Joseph Haghighat, the owner of Great Neck Printing, Signs & Graphic Design, said at a previous meeting that the law was specifically geared towards him. He said it could have unjustly burdened his family, his business, and harm other businesses as well.
“I should point out that this proposed ordinance appears to directly affect me, my family of six, and my 27-year-old printing design sign business, as well as so many of our Great Neck customers and Great Neck business owners from the whole Great Neck area,” Haghihat said at the time.
Fellow business owners and customers who filled the meeting room had also argued that the law was based on assumptions, would harm other businesses and that places like New York City didn’t ask anyone to take down much flashier advertising for public safety purposes.
The sign law, first introduced in the summer, had defined a vehicle-mounted sign as a sign, billboard, printing or other display affixed or mounted to a parked vehicle or trailer primarily used for advertising purposes or to attract attention or direct people to a business or activity.

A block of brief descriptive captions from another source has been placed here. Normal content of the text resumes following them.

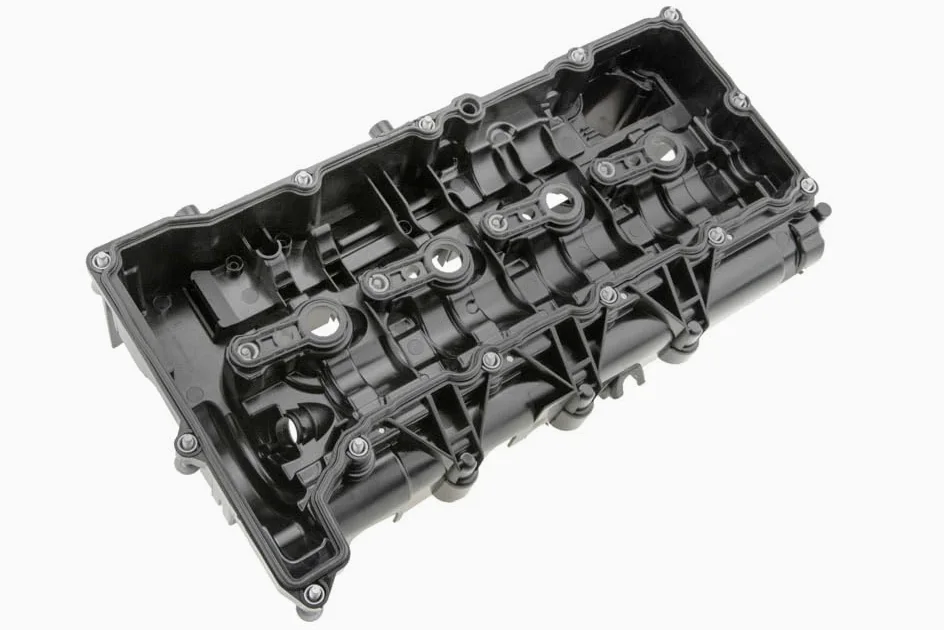 Tapa de culata compatible con M.i.n.i R55 R56 R57 R58 R59 R60 R61 One D Coo.per D Coo.per SD 1.6L 2.0L Diesel 2009-2016 Reemplazar # 11127823180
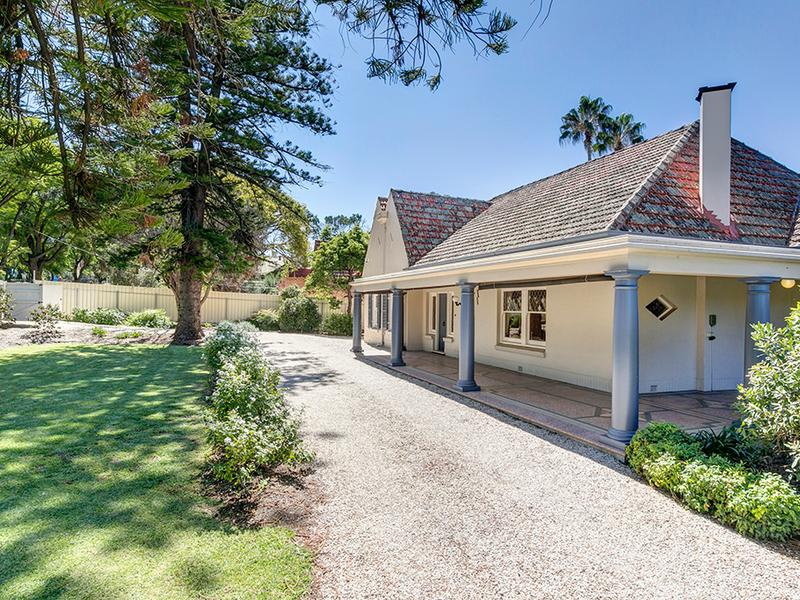 18 NORTHCOTE TERRACE, Gilberton Sold by Booth Real Estate - image 1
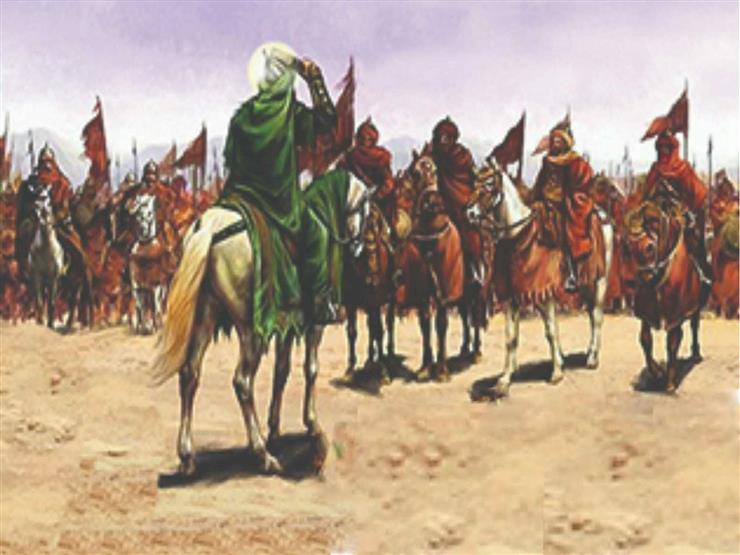 عثمان بن عفان.. تعرف على مولده ونسبه وسبب تسميته "ذي النورين" عثمان بن عفان.. تعرف على مولده ونسبه وسبب تسميته "ذي النورين"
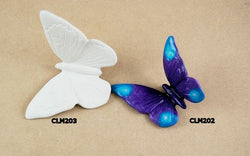 Country Love Crafts GMS Butterfly Med Wing Span 12cm Box Quantity 6 - CLM203 - Lilly Grace Crafts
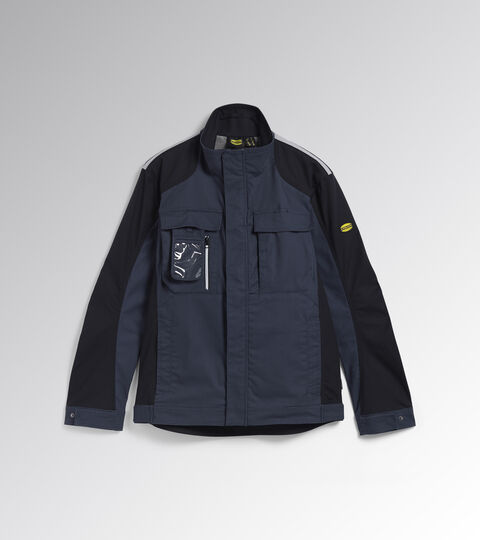 Work jacket WORKWEAR JKT TECH BLUE DENIM - Utility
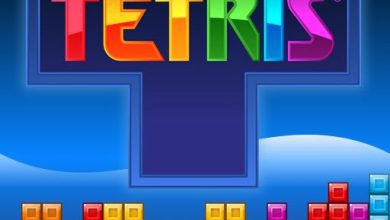 Photo of Tetris – A puzzle game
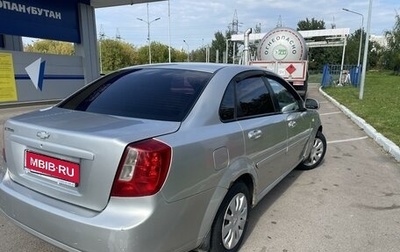 Chevrolet Lacetti, 2007 год, 340 000 рублей, 1 фотография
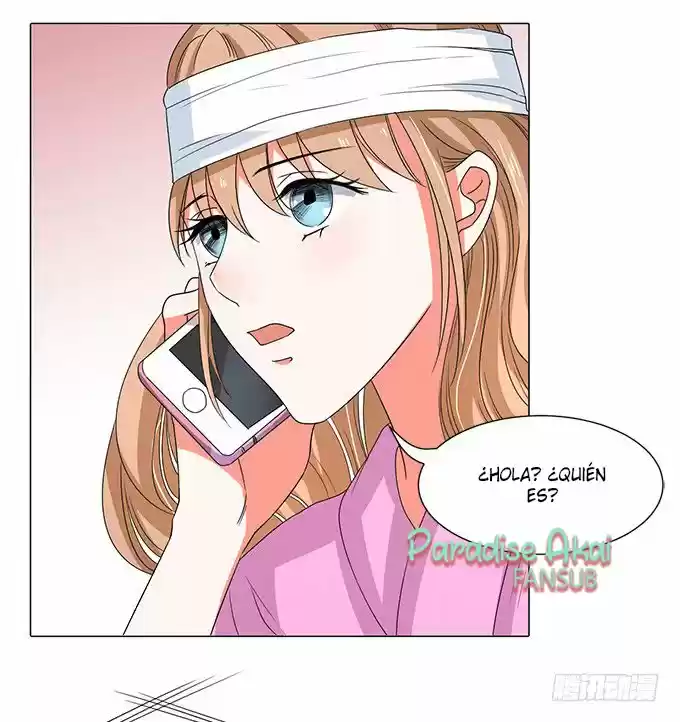 El Dr.Chu También Quiere Enamorarse - Capítulo 60 - Página 9 - LectorTMOo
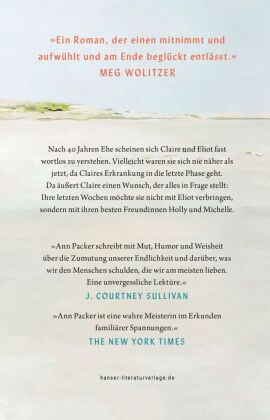Ein unerhörter Wunsch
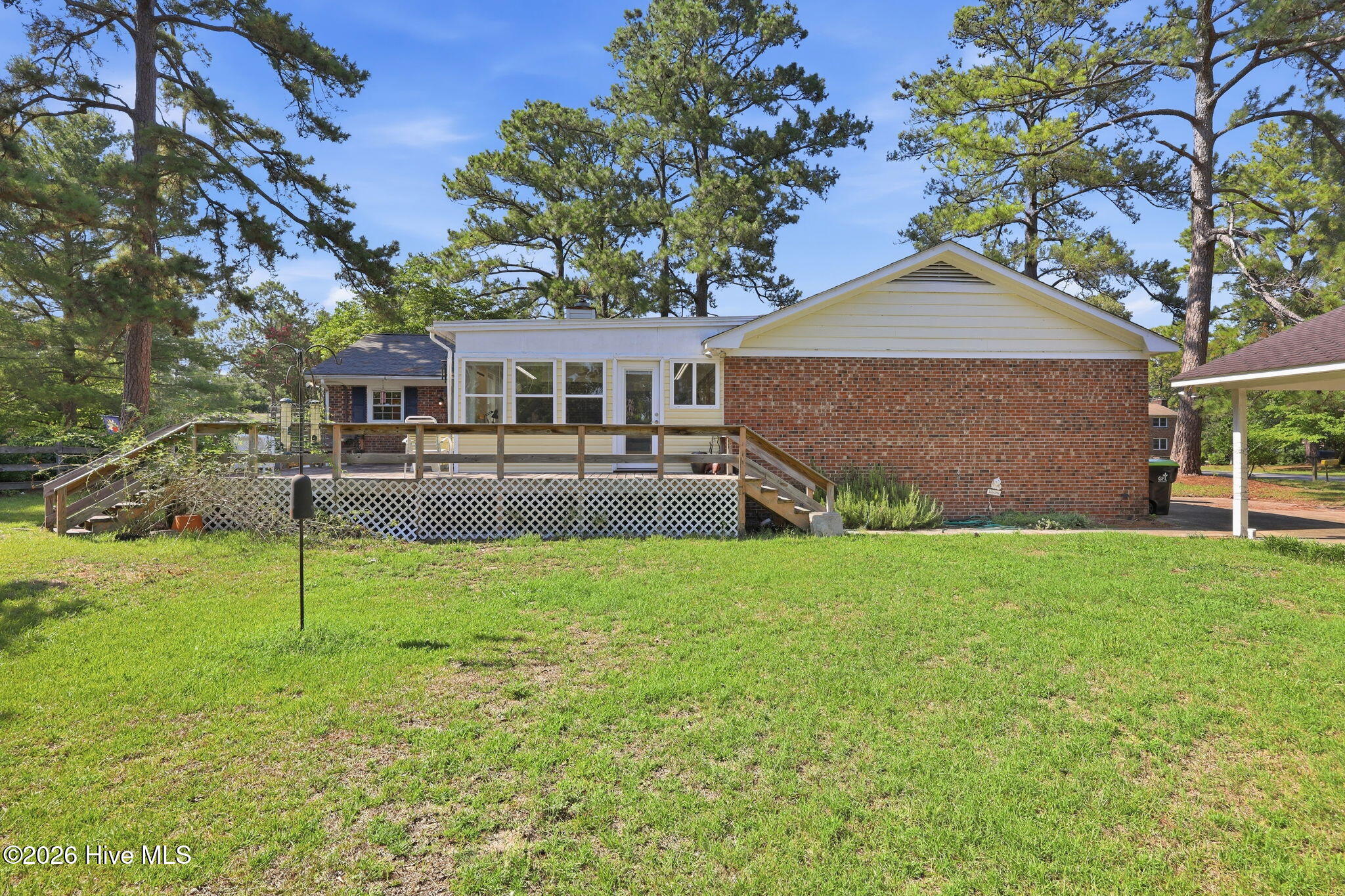 4909 Hermitage Road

Village officials previously said the legislation aimed to deter these types of billboards from parking in highly congested areas of the village like South Middle Neck Road, Middle Neck Road, Grace Avenue, Cutter Mill Road and Great Neck Road, and within 25 feet of pedestrian crosswalks.
Exemptions included allowing signs on licensed public vehicles, signs advertising a vehicle for sale, signs mandated by government, and printing on commercial vehicle advertising an associated business, so long as they fall “within the normal unaltered lines of the vehicle.”
Celender said the village board intends to keep the sign law tabled unless it becomes an issue in the future.
“If we see him return or others emulate what he’s doing – that’s not to say he’s not the only person who could be doing these signs – if we see it being a problem, we have legislation and we’ll bring it back and re-advertise it,” Celender said.
Celender added that even if they did move forward, the board would not take action if he was not present.
“I don’t want to bring it up and not give him the opportunity to be heard and be here,” Celender said.